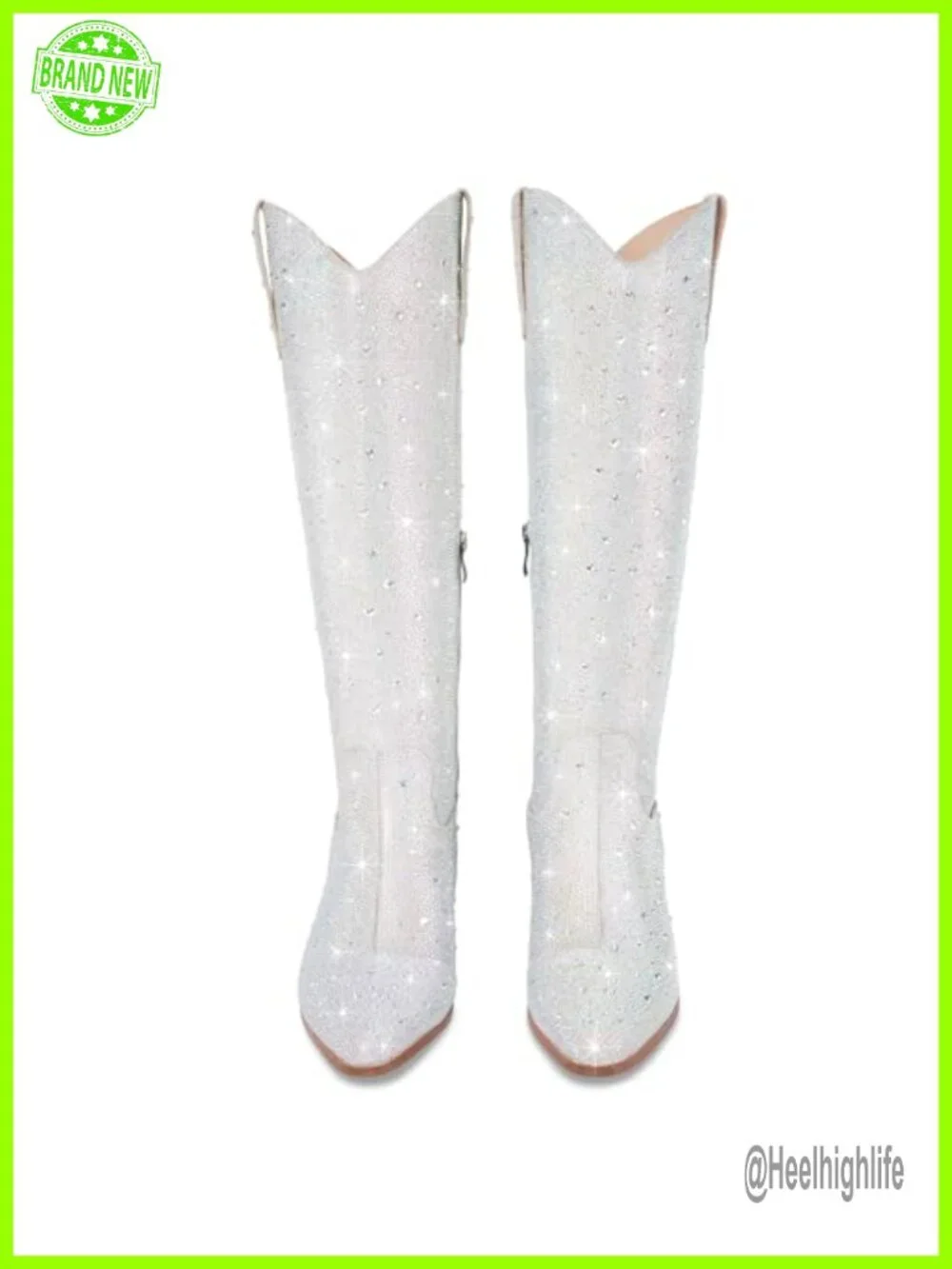 Cowgirl Ankle Boots Rhinestone Chunky Heel Side Zipper Western Booties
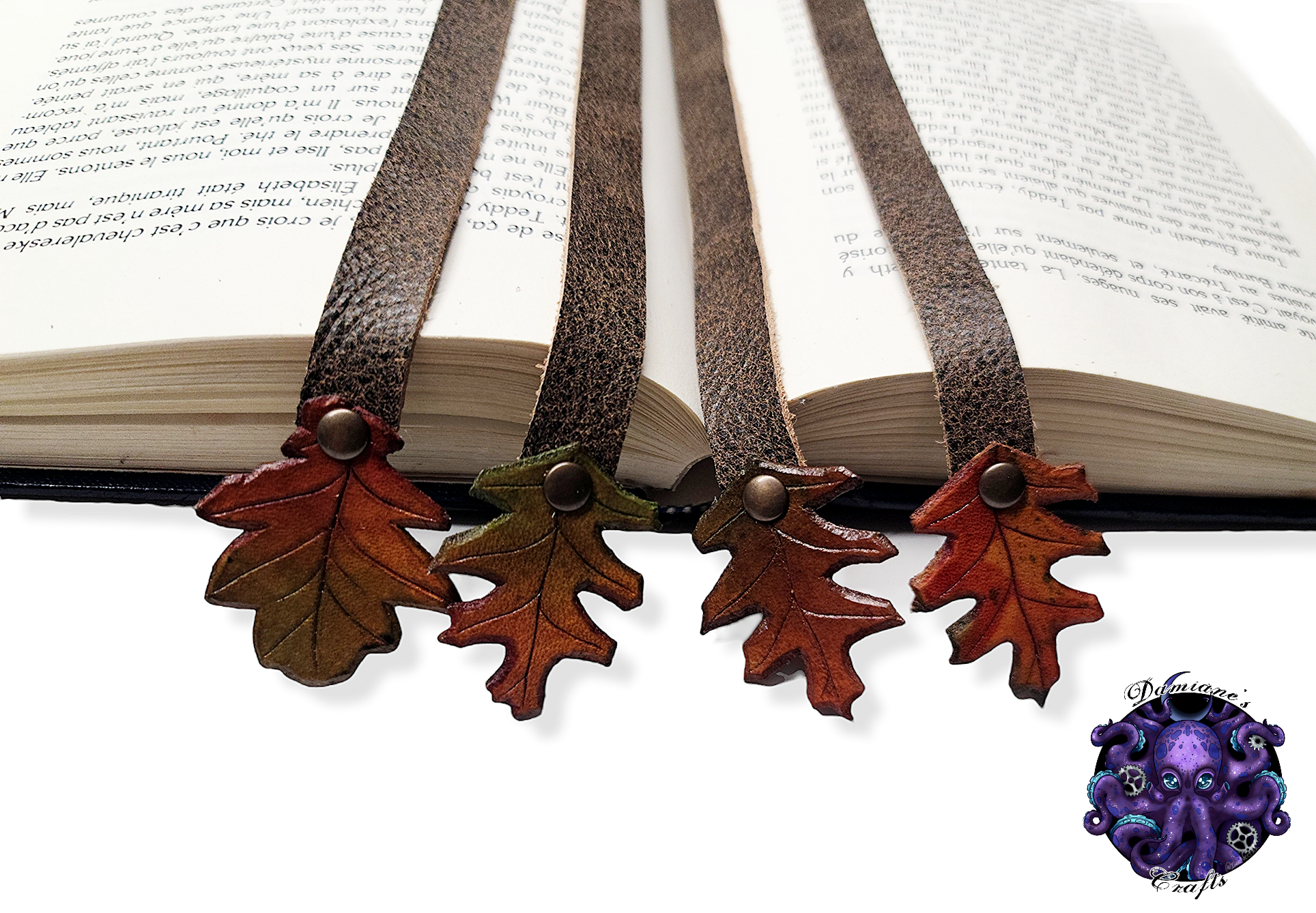 Real leather, Bookmark, Oak leaf, Fall, Autumn, nature, tree, elf, elvish, cottagecore, fairycore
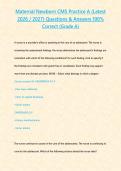 Maternal Newborn CMS Practice A &lpar;Latest 2026 2027&rpar; Questions & Answers 100- Correct -Grade A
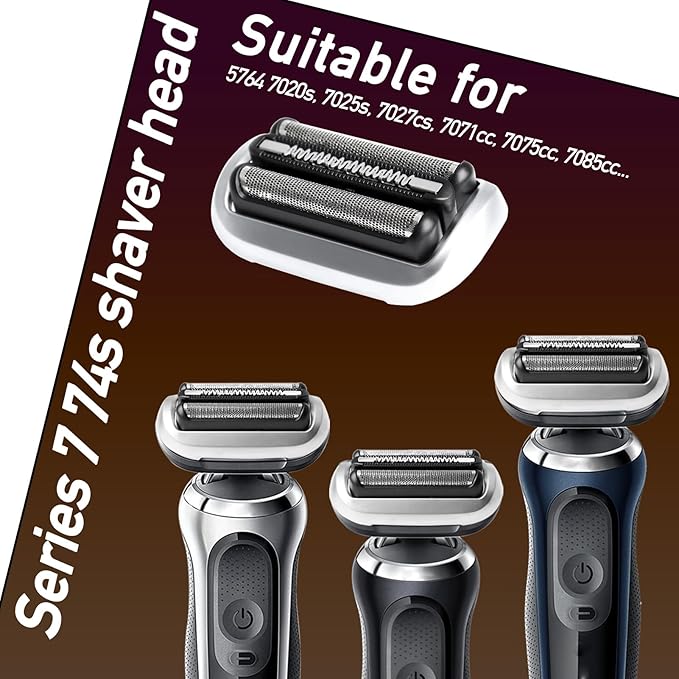 2Pcs 74S Replacement Head for Series 7 Shavers, Compatible with New Generation S7 7020s, 7025s, 7027cs, 7071cc, 7075cc, 7085cc, etc.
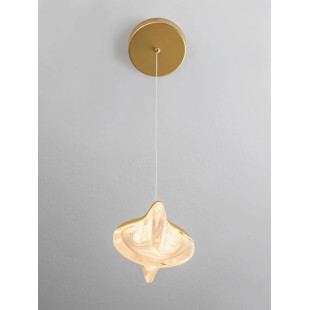 Lampa wisząca szklana Sofia LED 3000K 12cm szkło cloud / złoty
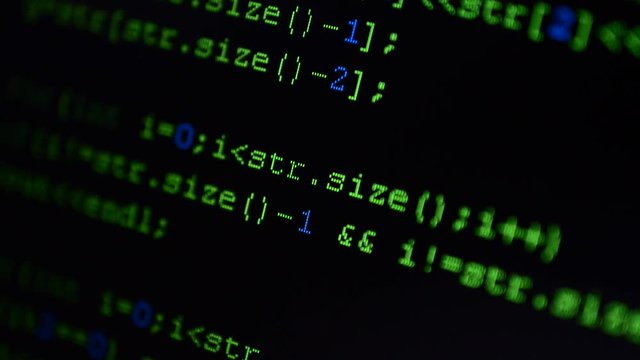 Source code on the monitor screen.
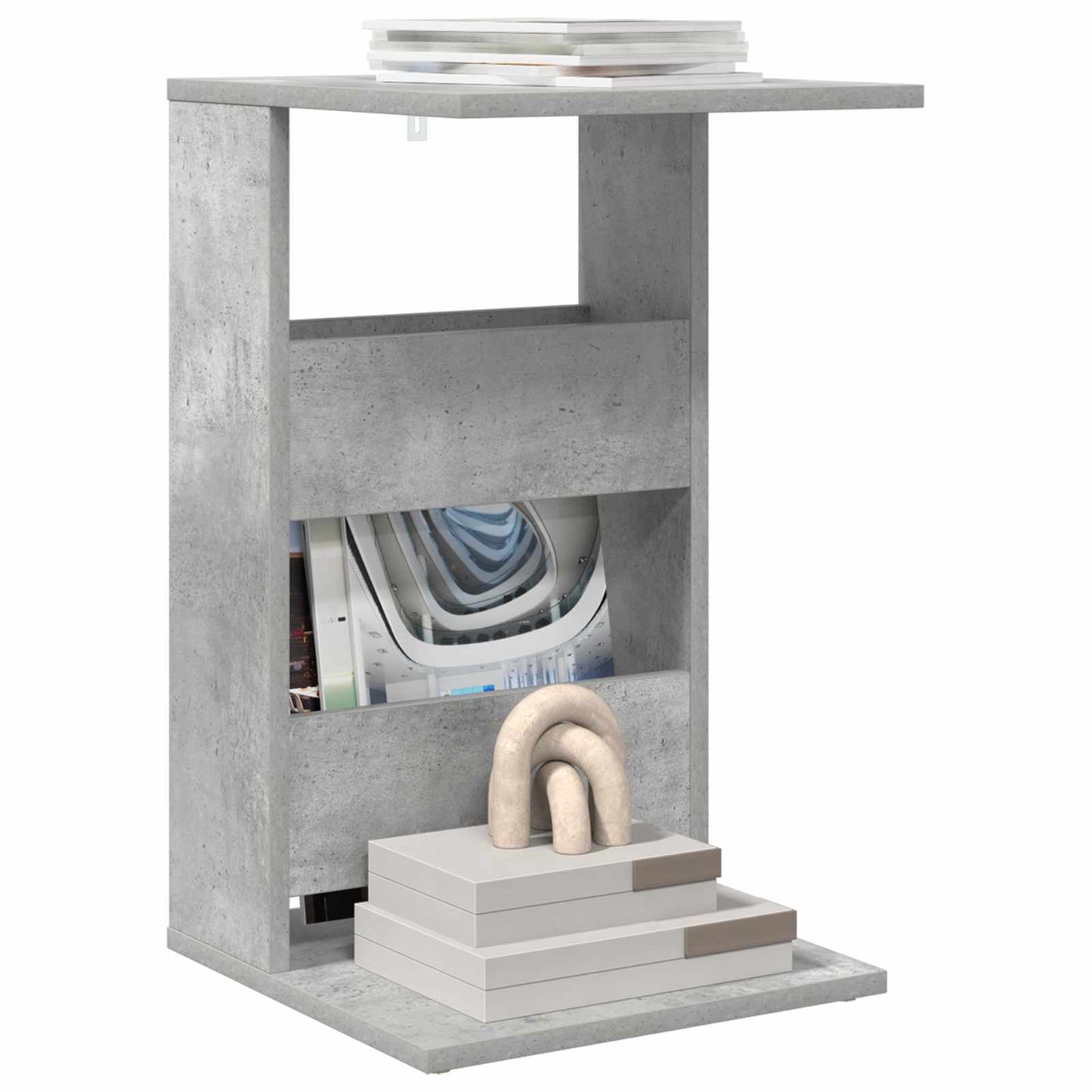Bijzettafel Beton Grijs 40 x 35 x 60,5 cm Bewerkt hout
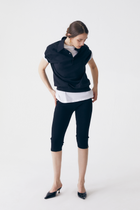 Nina Cotton Polo Shirt - Black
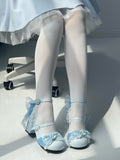 Blue Cherry Flower Sweet Mary Jane Shoes with Lace Bow - XIN MENG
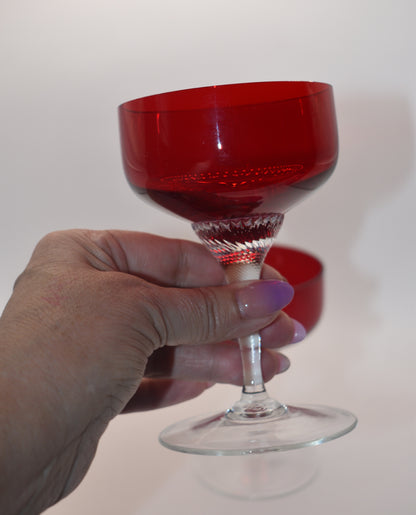 Vintage Ruby Red Champagne Coupes. Set of 2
□ □ □ □ □ □ □
▸ PROBLEM STATEMENT
Reproduce the records exactly, images excluded.

▸ EXERCISE RESPONSE
 Cowgirl Ankle Boots Rhinestone Chunky Heel Side Zipper Western Booties
 Real leather, Bookmark, Oak leaf, Fall, Autumn, nature, tree, elf, elvish, cottagecore, fairycore
 Maternal Newborn CMS Practice A &lpar;Latest 2026 2027&rpar; Questions & Answers 100- Correct -Grade A
 2Pcs 74S Replacement Head for Series 7 Shavers, Compatible with New Generation S7 7020s, 7025s, 7027cs, 7071cc, 7075cc, 7085cc, etc.
 Lampa wisząca szklana Sofia LED 3000K 12cm szkło cloud / złoty
 Source code on the monitor screen.
Bijzettafel Beton Grijs 40 x 35 x 60,5 cm Bewerkt hout
 Nina Cotton Polo Shirt - Black
 Blue Cherry Flower Sweet Mary Jane Shoes with Lace Bow - XIN MENG
 Vintage Ruby Red Champagne Coupes. Set of 2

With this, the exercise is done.